Als die Schauspielerin das Haus verließ, um ihre Tochter Nahla (3) von der Schule abzuholen, wurde sie jetzt erneut mit der Schiene am Fuß abgelichtet. Hatte sie sich etwa schon wieder zu viel zugemutet, ihren gebrochenen Fuß nicht genug geschont? Oder ist ihr erneut ein Unglück passiert?
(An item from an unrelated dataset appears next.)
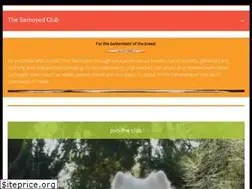 Sites similar to thesamoyedclub.org.nz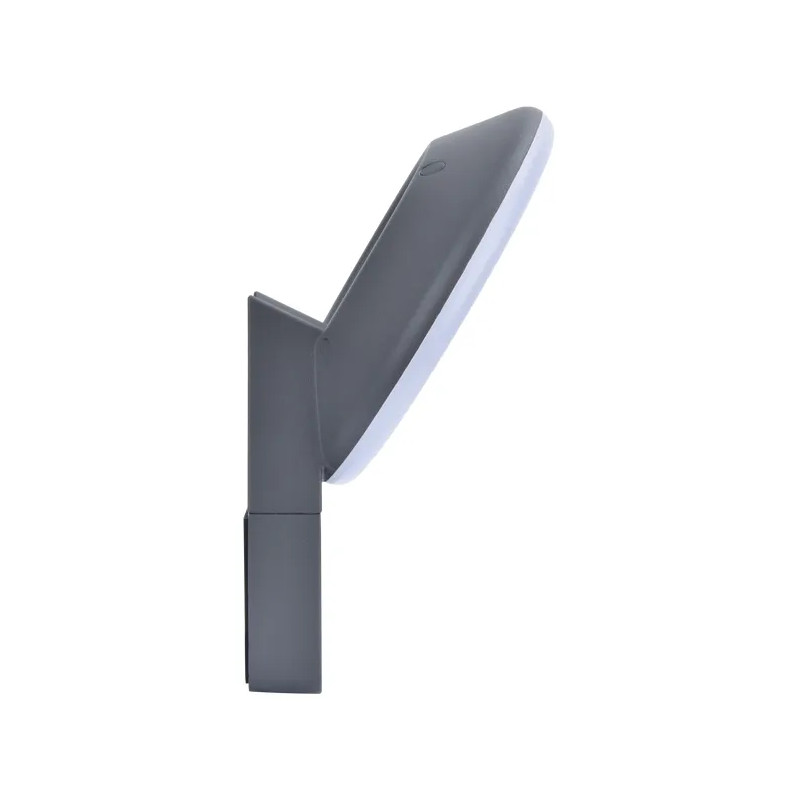 Applique LED aluminium polycarbonate QUITO Gris/Argent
Nur einen Tag zuvor spazierte sie noch ohne die Stütze zur Schule, um die Kleine abzuholen.

Hoffen wir mal, dass sich die 45-Jährige bald vollkommen erholt hat und die lästige Schiene wieder los wird. 

Die Bilder von Halle samt Schiene gibt es hier bei uns:
http://www.celebboard.net/internati...r-school-beverly-hills-january-6-2012-x8.html
(Quelle: promiflash)


----------



## celebfan42 (7 Jan. 2012)

Bei Vic Beckham würde ich sagen, sie trägt es aus modischen Gründen...


----------



## JayP (11 Jan. 2012)

Hat Halle Berry nicht 6 Zehen an einem Fuß!?

Vielleicht den einen zu viel doch entfernen lassen und jetzt als Verletztung getarnt


----------



## Punisher (16 Mai 2013)

selbst mit Gips sieht sie besser aus als manch andere


----------